Oracle Eyes Expanding Footprint In Saudi Arabia With Third Data Center

  • Oracle Corp (NYSE: ORCL) weighed a $1.5 billion multi-year investment in Saudi Arabia as it built up its cloud footprint in the kingdom and launched its third public cloud region in Riyadh.

  • Oracle would also expand the capacity of its cloud region in Jeddah, which the company first opened in 2020, Reuters reports citing Oracle SVP Nick Redshaw in an interview.

  • Oracle broke the news at a major tech conference in the Saudi capital.

  • Also Read: Google, Oracle, Amazon And Microsoft Jointly Win US DoD Cloud Contract Worth $9B

  • Higher demand for cloud computing has pushed technology companies like Oracle, Microsoft Corp (NASDAQ: MSFT), Amazon.Com Inc (NASDAQ: AMZN), and Alphabet Inc's (NASDAQ: GOOG) (NASDAQ: GOOGL) Google to set up global data centers to speed up data transfer.

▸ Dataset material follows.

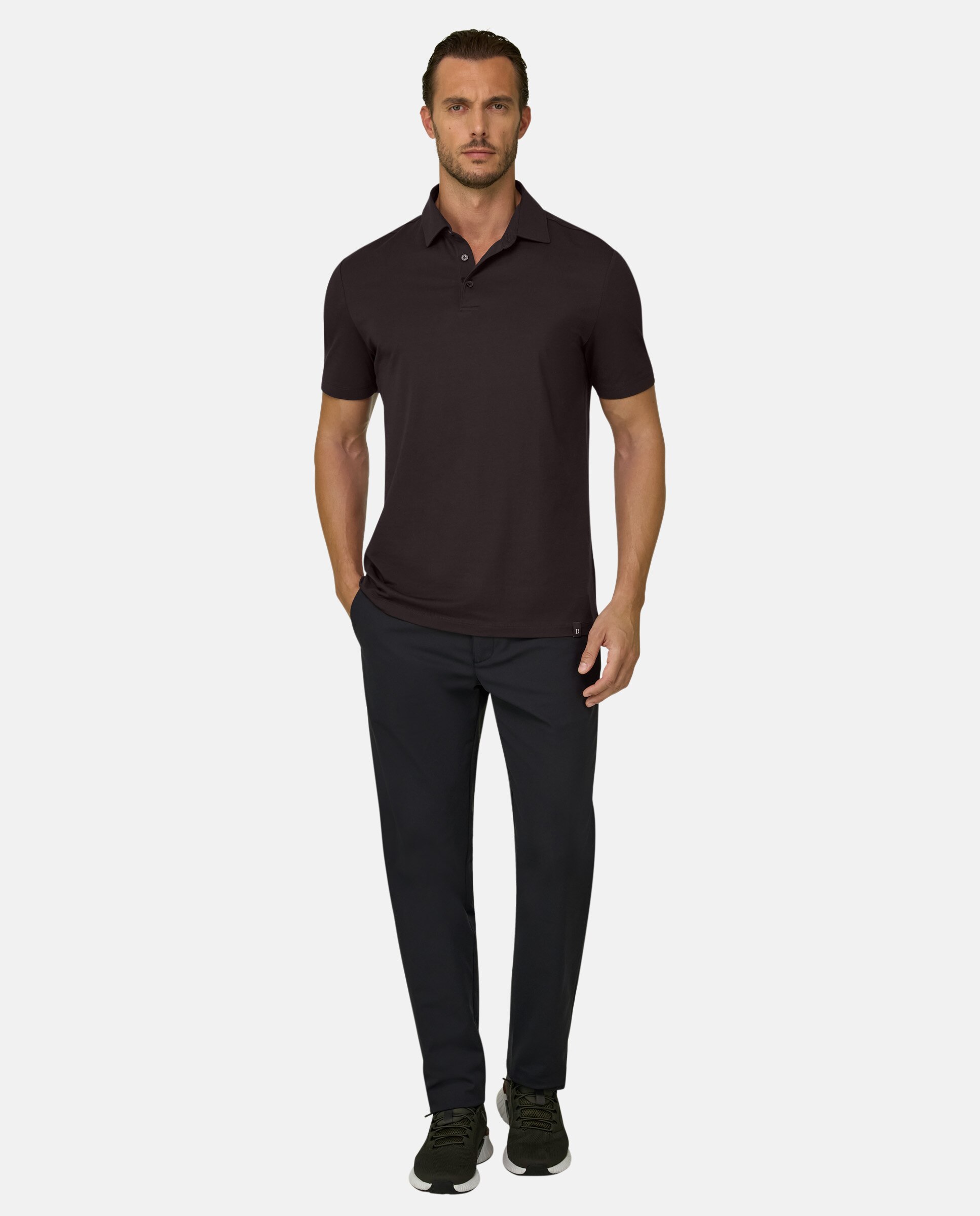 Polo en jersey de algod�n supima el�stico - Boggi Milano - Marrón oscuro Marrón oscuro-2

  • Saudi officials lured international companies with government contracts into investing in the kingdom and migrating their regional headquarters to Riyadh.

  • Saudi Arabia committed hundreds of billions of dollars to an economic transformation led by its de facto ruler Crown Prince Mohammed bin Salman.

  • However, the country's FDI reached just under $4.1 billion in the first half of 2022, a fraction of the ambitious $100 billion target set for the end of this decade.

  • Oracle has also won contracts from the crown prince's $500 billion flagship NEOM project, a futuristic mega city and economic zone that the crown prince is building on the Red Sea coast.

  • Price Action: ORCL shares closed higher by 0.29% at $89.64 on Friday.